The appointment of a third National Selector will be made in coming days but a new backs coach and strength and conditioning boss won’t be resolved until Scott Johnson arrives back from Scotland next month.
The next steps in filling out the Wallabies’ program were among a handful of items discussed at the Rugby Australia board meeting in Sydney on Tuesday, according to a release.
A RugbyAU statement said the board had focussed on strategy ahead of SANZAR broadcast negotations for the 2021-2025 cycle, and re-affirmed Australia’s support for the proposed World League global competition, which will be further discussed at World Rugby meetings in March.
Filling out vacancies in the Wallabies system were also talked about, the statement said.
“National Selector, Attack Coach, and Head of Athletic Preparation (positions) were discussed, with an announcement on the appointment of a National Selector likely to be made in the coming days,” the statement said.
“Recruitment for the two remaining positions will be completed following the arrival of new Director of Rugby, Scott Johnson.”
Larkham was cut from the Wallabies coaching staff last month after it was revealed the former Wallaby and current coach Michael Cheika had irreconcilable differences of opinion on strategies.

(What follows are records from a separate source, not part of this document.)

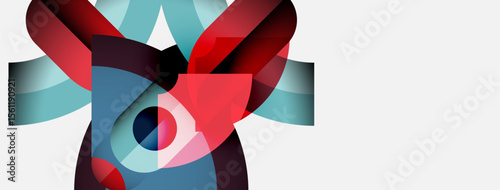 Abstract geometric shapes overlap, creating vibrant color blends. Red, blue, turquoise dominate composition. Minimalist design, modern aesthetic.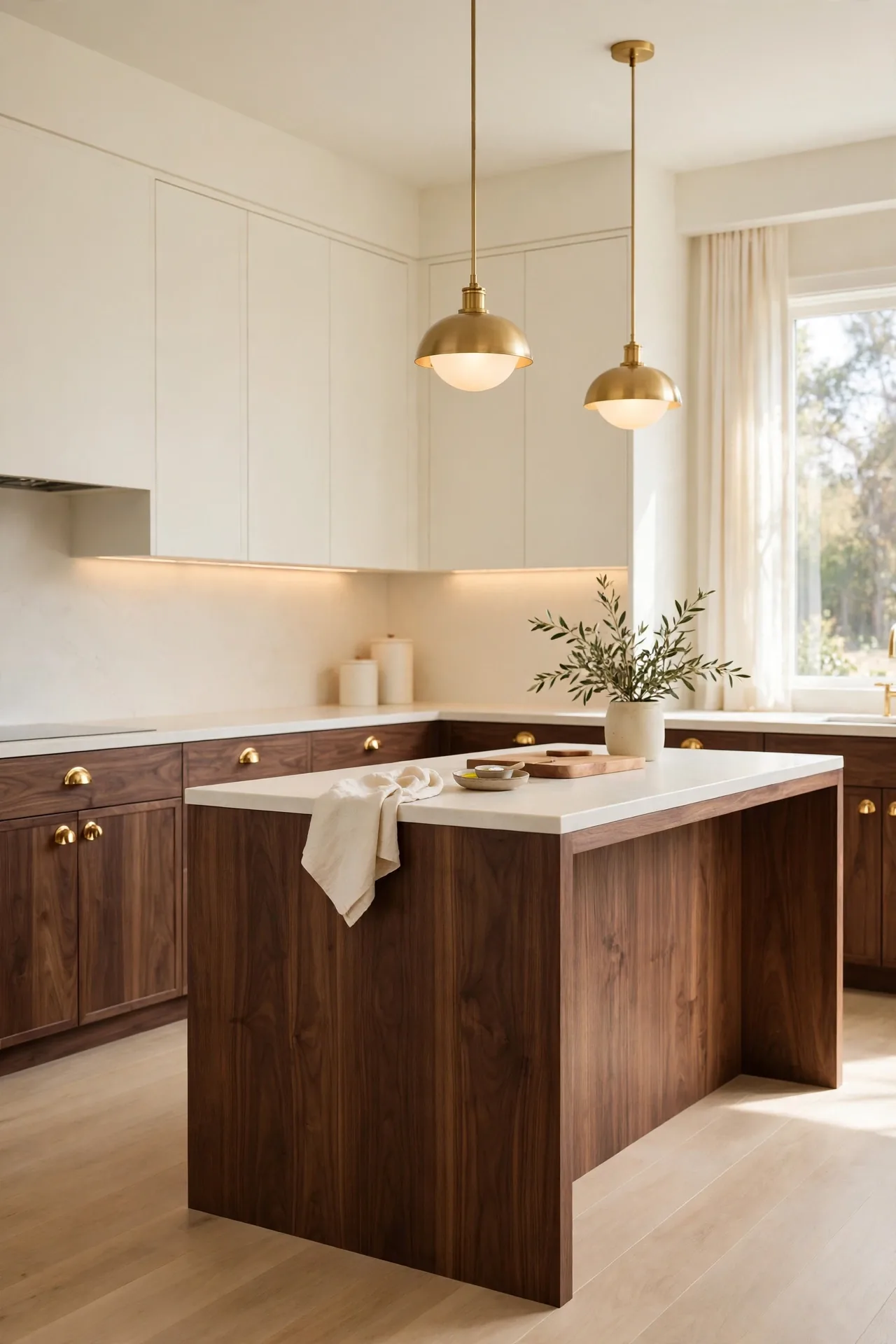 Cream and Rich Walnut two tone kitchen cabinet color combinations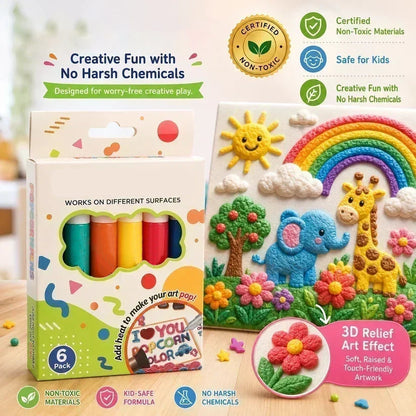 🎨 טושי 3D מתנפחים לילדים – 6 יחידות, דיו קסום שמתנפח בחום. מתנה מושלמת לחג וכיף יצירתי! ✨🎁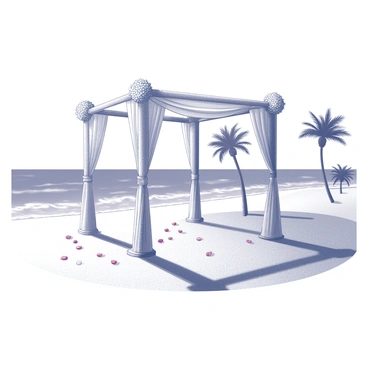 A wedding mandap is set up on a sandy beach. The mandap features four intricately designed pillars, adorned with floral decorations and draped fabric. The sandy ground is scattered with rose petals leading up to the mandap. In the background, the ocean waves gently lap against the shore, with a clear sky above. A few palm trees are visible, swaying slightly in the breeze. The overall scene conveys a sense of elegance and natural beauty, perfect for a wedding ceremony.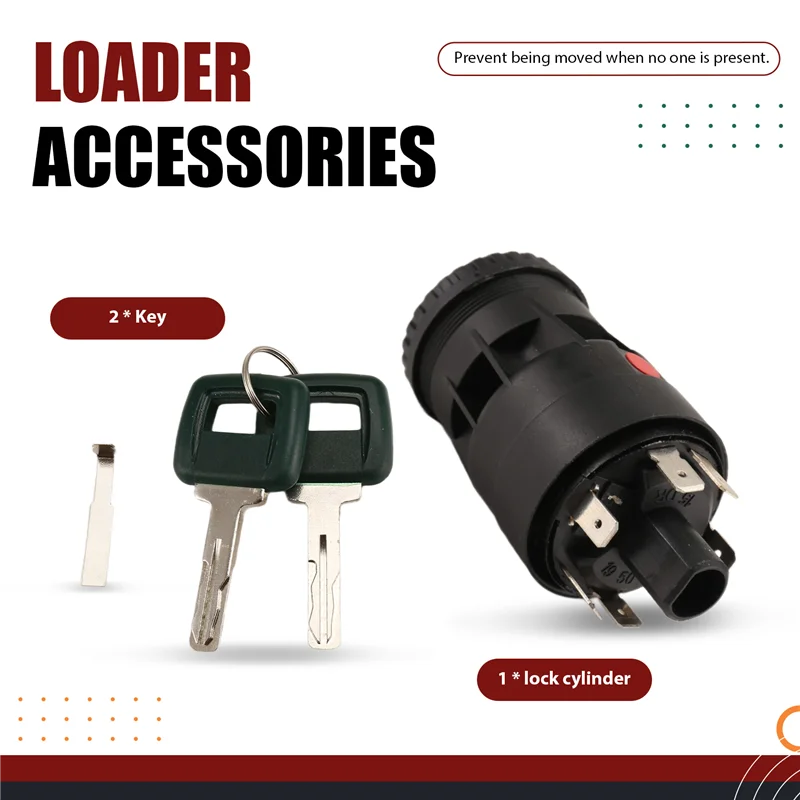 15082295 Ignition Switch With 2 Keys For Volvo Truck Loader-Laser A20C A30C A25D A35D Ignition Switch Lock Cylinder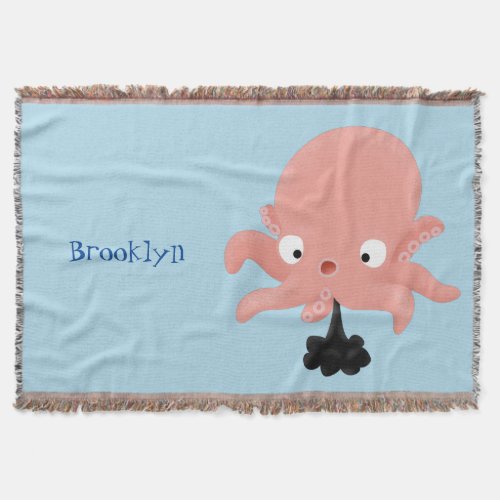 Cute pink baby octopus cartoon humour throw blanket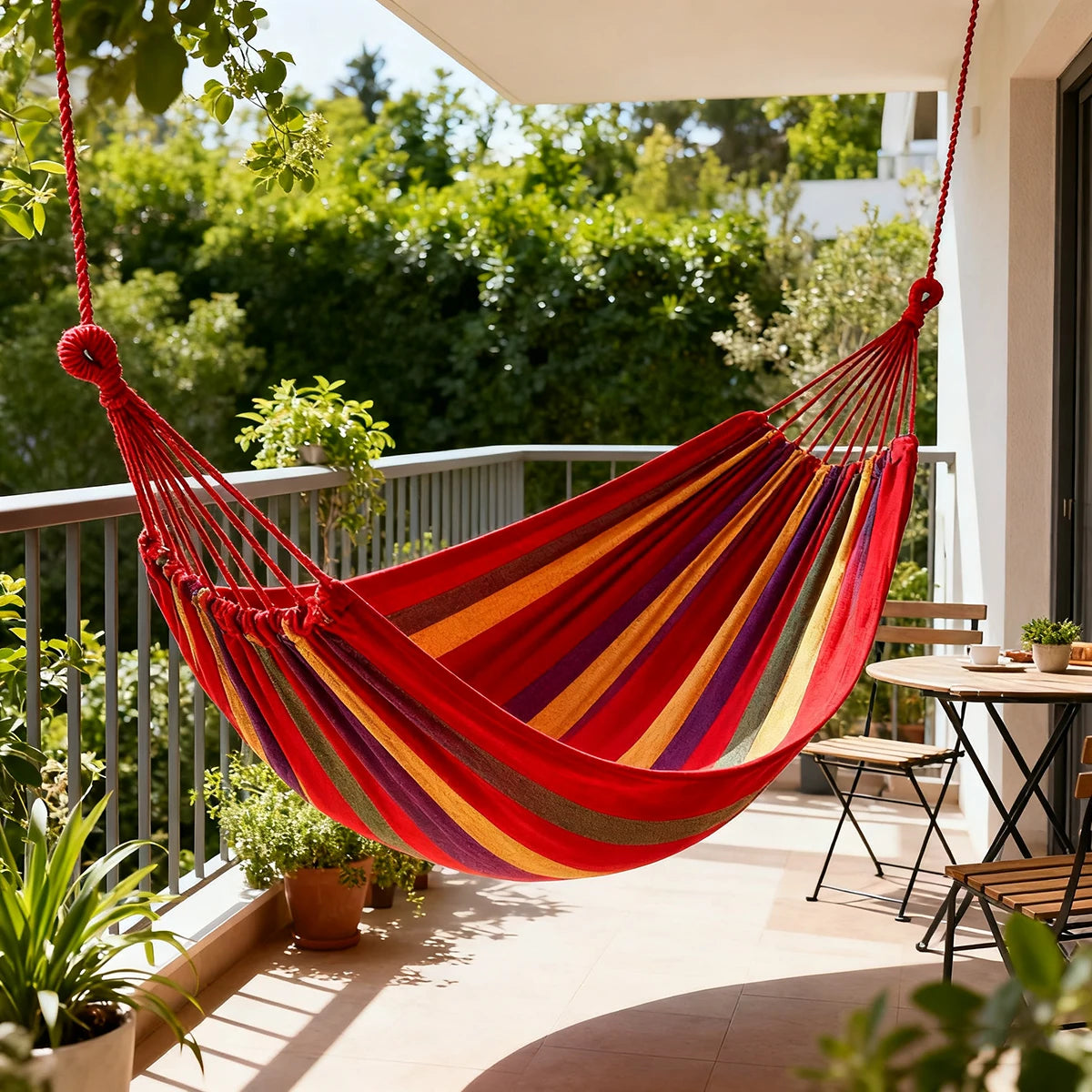 Double Hammock 2 Person Canvas Cotton Hammock with Tree Straps for Patio Garden Backyard Outdoor and Indoor (Red, Blue)
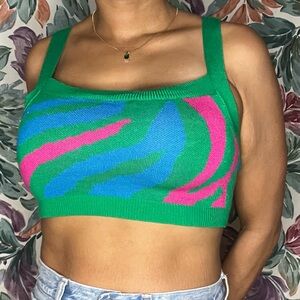 Bright Green MadRag Colorful Crop Tank Top
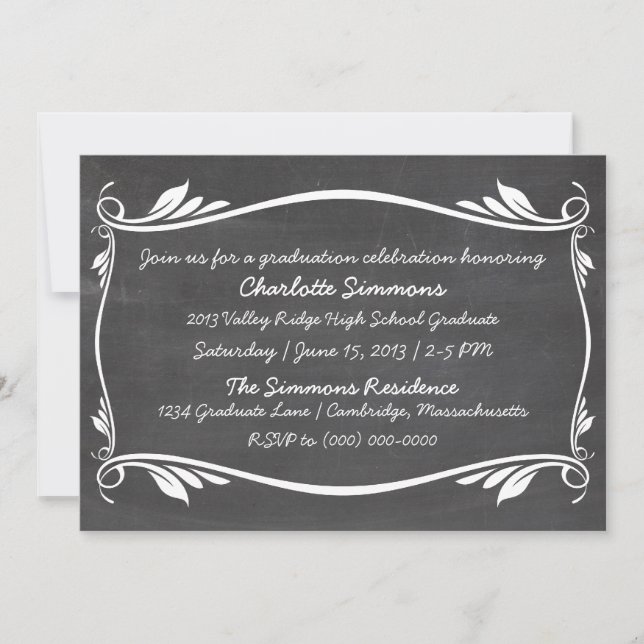 Convite para Graduação de Chalkboard de Ivory Flou (Frente)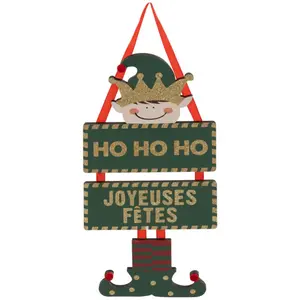 Déco de Noël Pancarte murale Elfe et Joyeuses Fêtes H 35 cm pas cher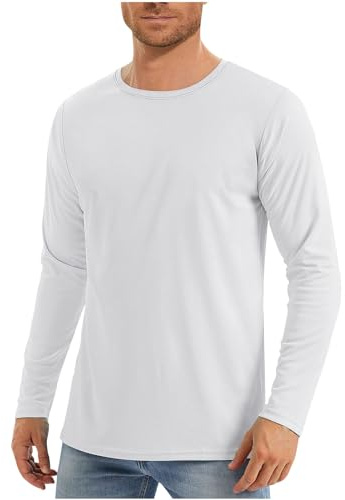 T-Shirts Anti-UV Homme Rashguard Manches Longues Pullover,Tee Shirt Hommes Protection Solaire Léger Uni Tee Shirt Manche Longue,Pullover Tops Homme pour Baignade Surf Pêche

Long-time Cheika ally Hayden Masters also left from his position.
The identity of the third selector, who will sit alongside Cheika and new Director of Rugby Johnson, remains unknown but several esteemed ex-Wallabies like George Gregan have been linked to the position.
The RugbyAU statement said the board had also acknowledged the release of the report ‘Pathway to Pay Equality’ by the Male Champions of Change (MCC) Sport organisation, which is a joint initiative of leading sports in Australia.
The report made recommendations to continue the push to achieve pay equality in sport, which RugbyAU boss Raelene Castle – a special adviser to MCC – said was already well advanced in rugby.
“Rugby has made a significant step forward over the past year by achieving pay parity on entry-level minimum contracts across the professional game, with our women’s and men’s sevens players and male Super Rugby players entitled to the same minimum terms,” Castle said in the statement.
“Equality and Inclusion continue to be a strong focus of Rugby Australia and the MCC Sport report released today has shown that our sport has made significant gains in the area of pay equality and has benchmarked well alongside some of our fellow sports. We remain committed to making further progress over the coming year,” said Castle.